I’ve heard that several times since arriving in Japan.
Yesterday I got to experience what a magnitude 7 earthquake is like, and survived.
It wasn’t a real earthquake, but rather a demonstration of one at a Life Safety Learning Center operated by the Tokyo Fire Department.
Here, schoolchildren and other visitors learn about what to do in an earthquake, flooding, fire and other natural disasters.
Inside the earthquake simulator, there’s a table with cushions on the top, a plastic cupboard in the corner, and a box for the gas supply on the wall.
Our guide from the Tokyo Fire Department tells us what to do as soon as we feel the shaking.
“Get under the table and hold on to the table legs. And don’t get up until the shaking stops.”
He gives more instructions: “When the earthquake stops, cover your head with a cushion and turn off the gas so there’s no fire, then exit through the side door.”
The shaking will last for 15 seconds.
I pair up with a colleague from Trinidad and Tobago, Kim Boodram. We are the first in our group to give it a try.
The earthquake starts off like a quiver, much like when a heavy loader passes by, but then the place just rocks.

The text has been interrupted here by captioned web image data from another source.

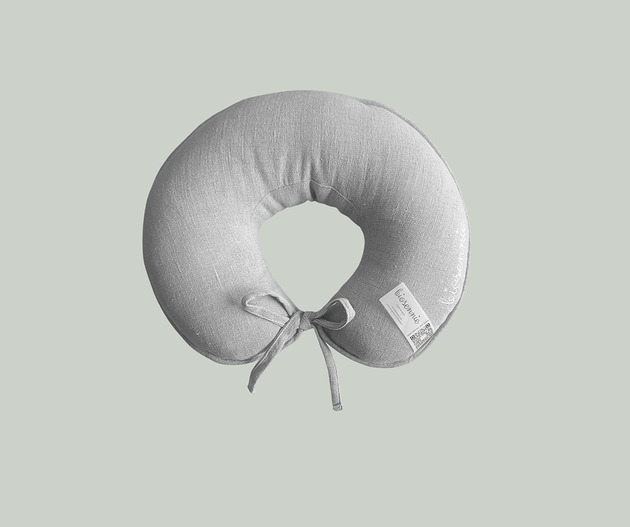 poduszki, poszewki - różne Lniany rogal podróżny Biosennie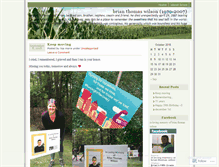 Tablet Screenshot of brianthomaswilson.wordpress.com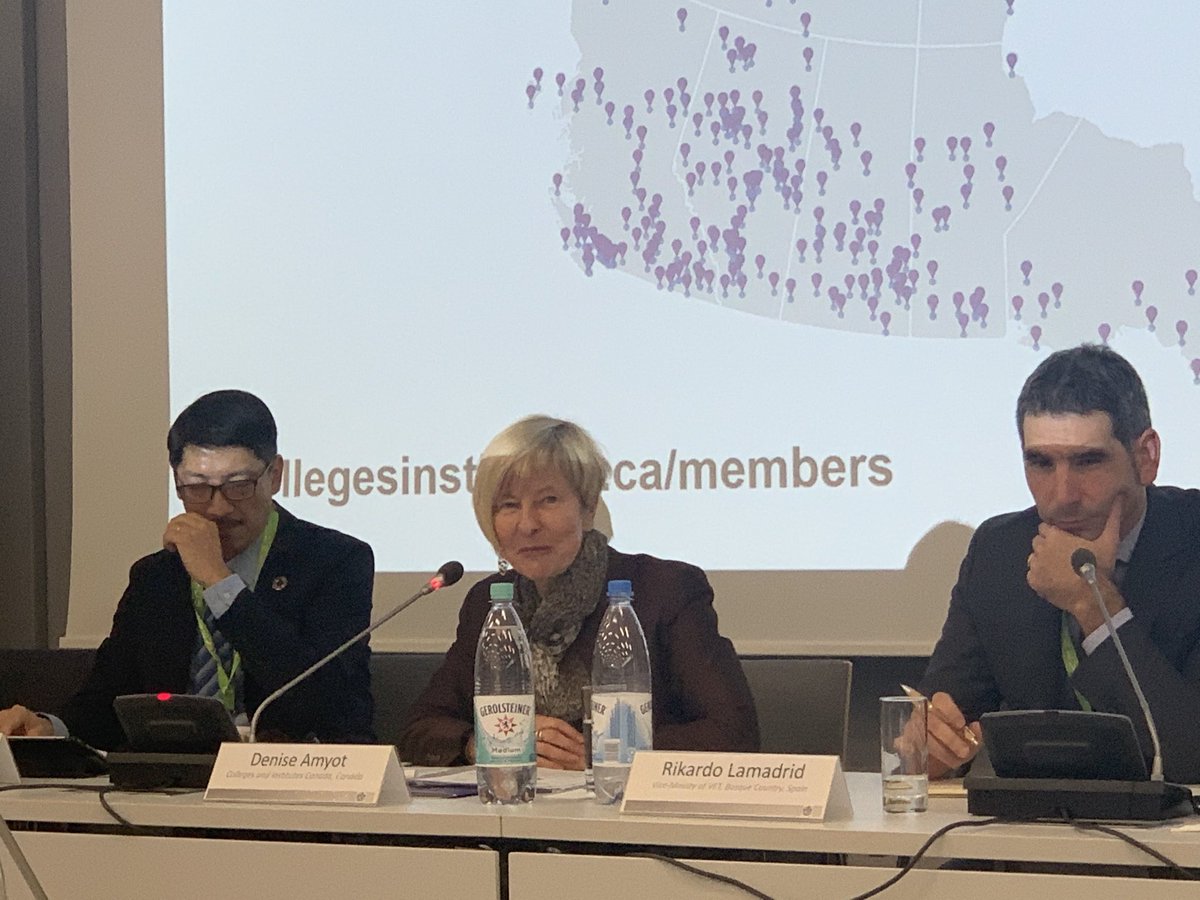 AfriTVETJournal's tweet image. “95% of Canadians live within 50kms of a college or institution and most Trainers are from Industy” Denise Amyot of Cican pointed out in Unevoc forum today . A lot to learn on expansion and industry Colabo in tvet.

We duck for cover under the table and follow the instructions to hold onto the table legs. The cupboard falls down and the shaking continues for what seems like 15 minutes instead of 15 seconds.
The fact that it was just a demonstration didn’t take away the scary feeling of, “What if a real one happens and I’m in my hotel room on the 7th floor? Wouldl I be able to make it out safely?”
As soon as the shaking stops, we get up from under the dining table, place cushions on our heads and, since I’m closest to the water heater switch, I turn it off before we make our exit.
Consider that what we experienced is the same thing that elementary schoolchildren in this country are exposed to.
It’s like they are embedded with disaster preparedness intelligence from a very early age.
In addition to school tours at the the Honjo Bosai-kan, or Life Safety Learning Center, the Tokyo Fire Department also has versions of the training center on wheels that make school rounds.
Earthquake and disaster drills are held regularly in schools — not just during Disaster Preparedness Week, like we do.
After each disaster that Japan experiences, disaster officials take stock of lessons learnt and then come up with ways to prevent loss of life and property.
One of Japan’s inventions is to bolt down furniture in homes and offices so they don’t fall or move around and kill or injure occupants.
This is an island nation that takes disaster training and education very seriously.
Facilities like the Life Safety Learning Center is an example of Japan’s investment in making sure its people are equipped with the skills and knowledge to protect themselves in life-threatening disasters.
News Director Monica Miller is in Japan with a group of journalists from the Caribbean and Pacific as guests of the Association for Promotion of International Cooperation and the Foreign Press Center Japan.